Slow Down—You Move Too Fast
Claire Martini is the project manager for the Leafline Trails Coalition of Washington State, where she works with multiple organizations to knit together the region’s 900 miles of trails into a cohesive, connected network. As one of the first states in the nation to codify e-bikes into the three-tier system, Washington saw an early boom in e-bikes—and with that, an opposition to them.
“We hear from people who are pushing back [against e-bikes],” said Martini. “Someone whizzes by them while they’re walking their dog, and it’s easy to automatically assume it was an e-bike.” But Martini pointed to data that suggests that’s not necessarily the case.
Seattle Parks and Recreation performed a study several years ago in which trail watchers were trained to accurately discern e-bikes from their non-electric brethren and provided with radar-based devices to measure the bikes’ speeds as they pedaled by. The result, said Martini, was that “there wasn’t actually a huge difference between the speeds that e-bike users [were] going and the speed that other users [were] going. I think there’s a bit of a misconception that because there’s an e-assist, it means that people are going to be going really fast—and that people going really fast are necessarily on e-bikes.”

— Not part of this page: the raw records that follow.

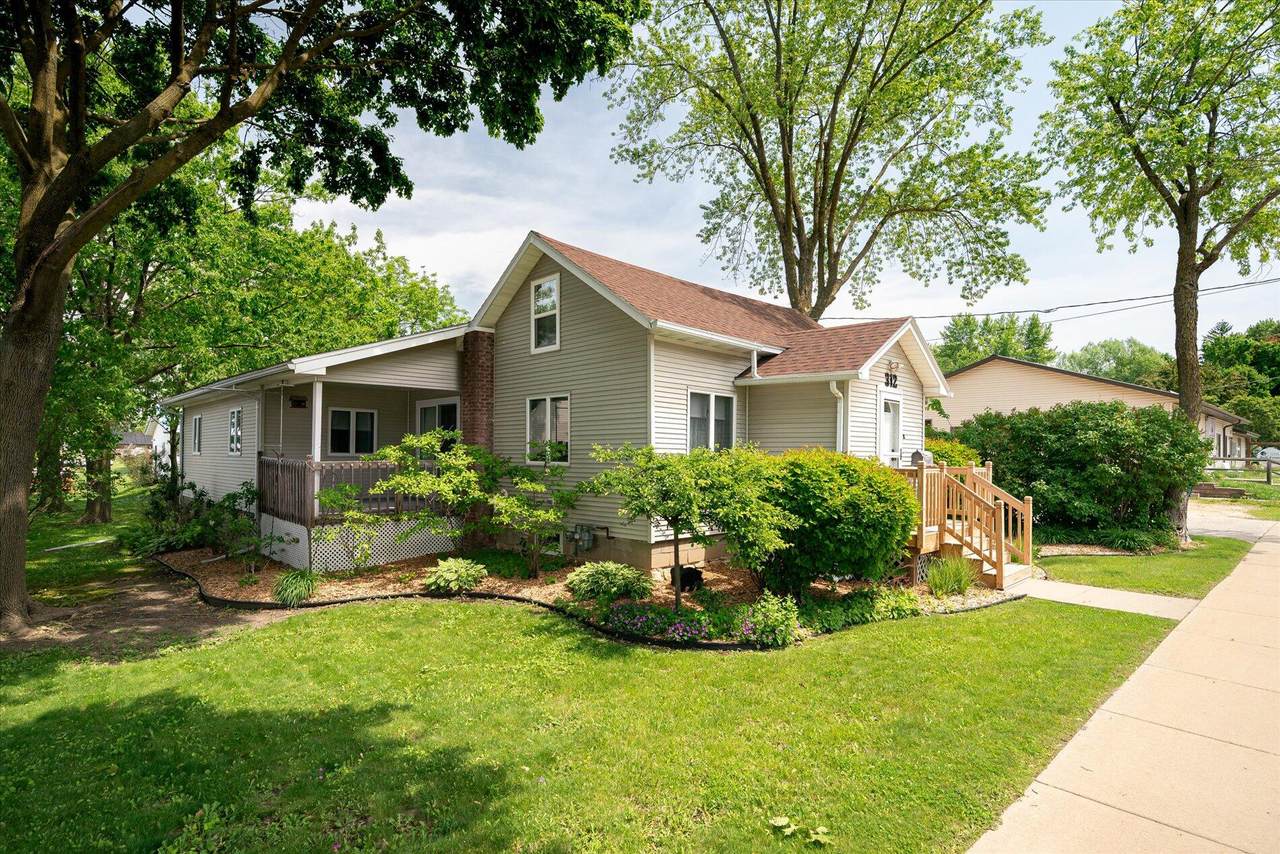 312 Decker St - Photo 1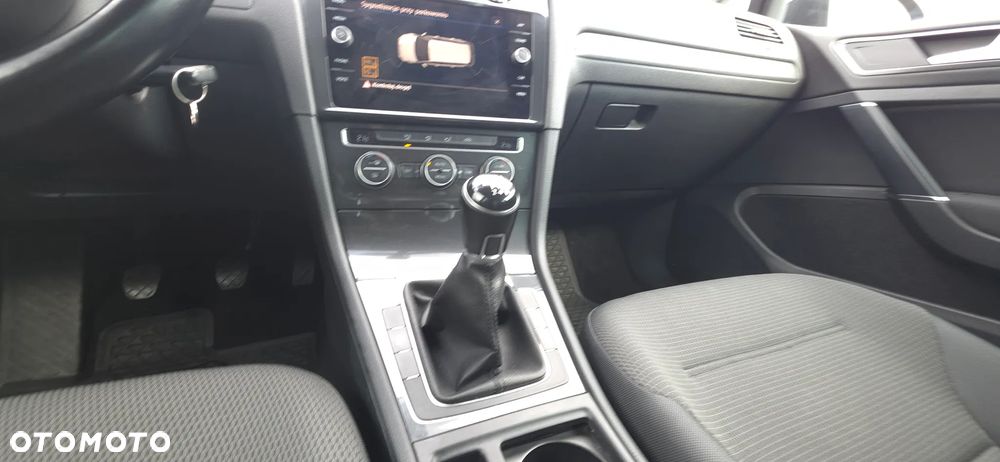 Volkswagen Golf 1.0 TSI IQ Drive - 8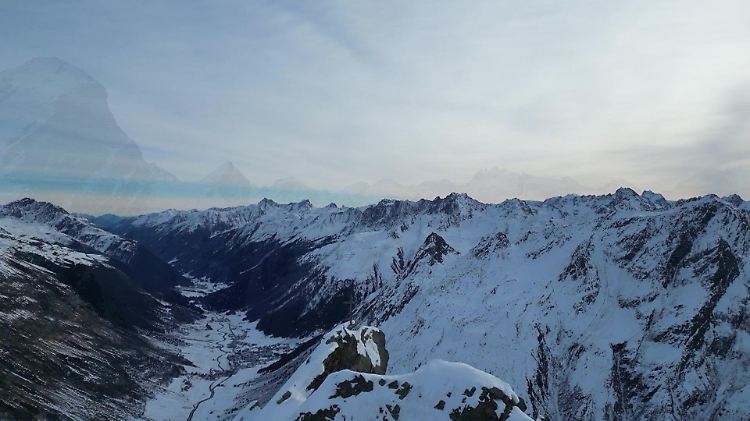 Mit der Drohne übers schneebedeckte Galtür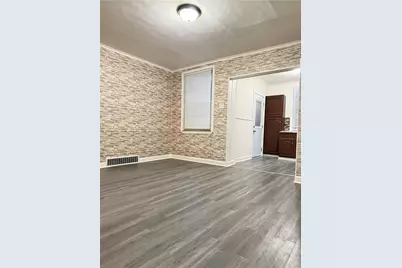 906 Broadway Ave, Stowe Township, PA 15136 - Photo 30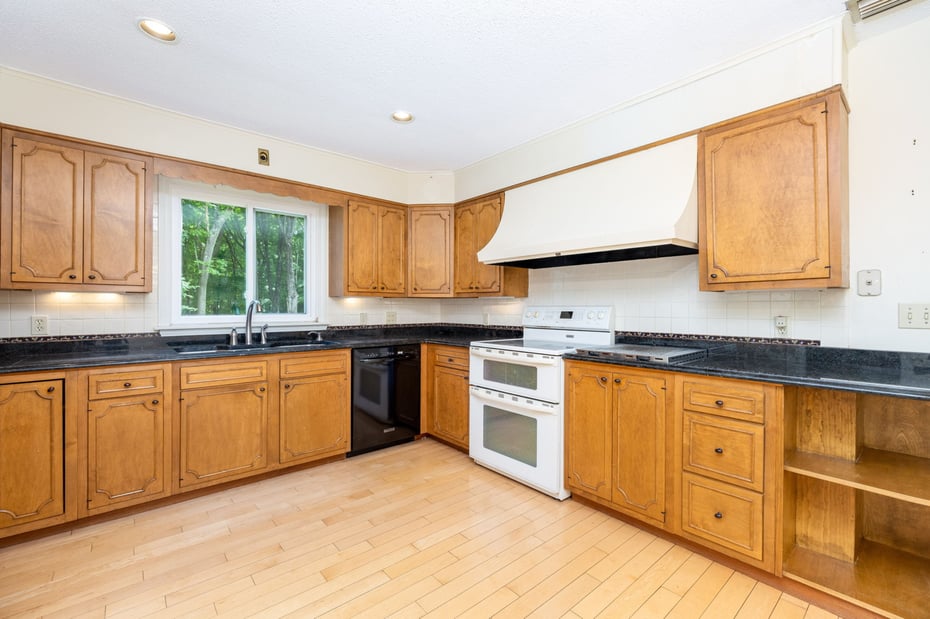 33 Hurds Hill Road Photo 9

Kegel of Wheel & Sprocket also affirmed that he believes e-bikes are not necessarily responsible for faster speeds in and of themselves. “If you’re a strong rider, you can very easily be going 25 [mph] and more,” he said. But riding too fast on a trail “is sort of antisocial behavior that’s not really compatible with other trailgoers. I’ll concede that technology can enable [those speeds] maybe more easily, but I think the pushback is against more of the behavior than the technology.”
But Is It Cheating?
A common refrain among those who shun e-bikes centers around a question of fairness. Colorado Parks and Wildlife’s Svare said that he regularly commutes to work on an e-bike, but as an avid mountain biker, he’s dedicated to pursuing the sport without a motor. “As you get into more of our wild spaces, it’s just a little bit harder for me to swallow seeing [e-bikes] in those traditionally slower-paced environments.”
He recounted a recent mountain-biking trip to Bentonville, Arkansas, where the powered-versus-unpowered dynamic came into play with his two daughters, aged 8 and 10. “We’re grinding back up the hill and being passed so many times, and [my daughters] are like, ‘Oh there’s another e-bike person cheating getting up the hill.’ I don’t know that I can call an 8-year-old a purist, but they’re [perceiving] that having a motor is somewhat of an unfair advantage.”
Martini of the Leafline Trails Coalition said, “I find the question of cheating kind of fascinating,” noting that pretty much anything that exceeds any given user’s current setup may be seen as suspect. Martini posed: Are multiple gears cheating? Is a lightweight carbon-fiber frame cheating? Suspension?
As far as Martini was concerned, the question was answered conclusively when she started attending meetings across Seattle in support of the Leafline. Riding a borrowed e-bike, she found she could easily “get to meetings that would have otherwise required several different transit connections.” Rather than risking a single missed bus connection that would throw off the entire trip or paying bridge fees for the privilege of sitting in nearly immobile traffic, Martini found that her e-bike trips were “really fun and actually comparable to the transit time,” and often faster than driving.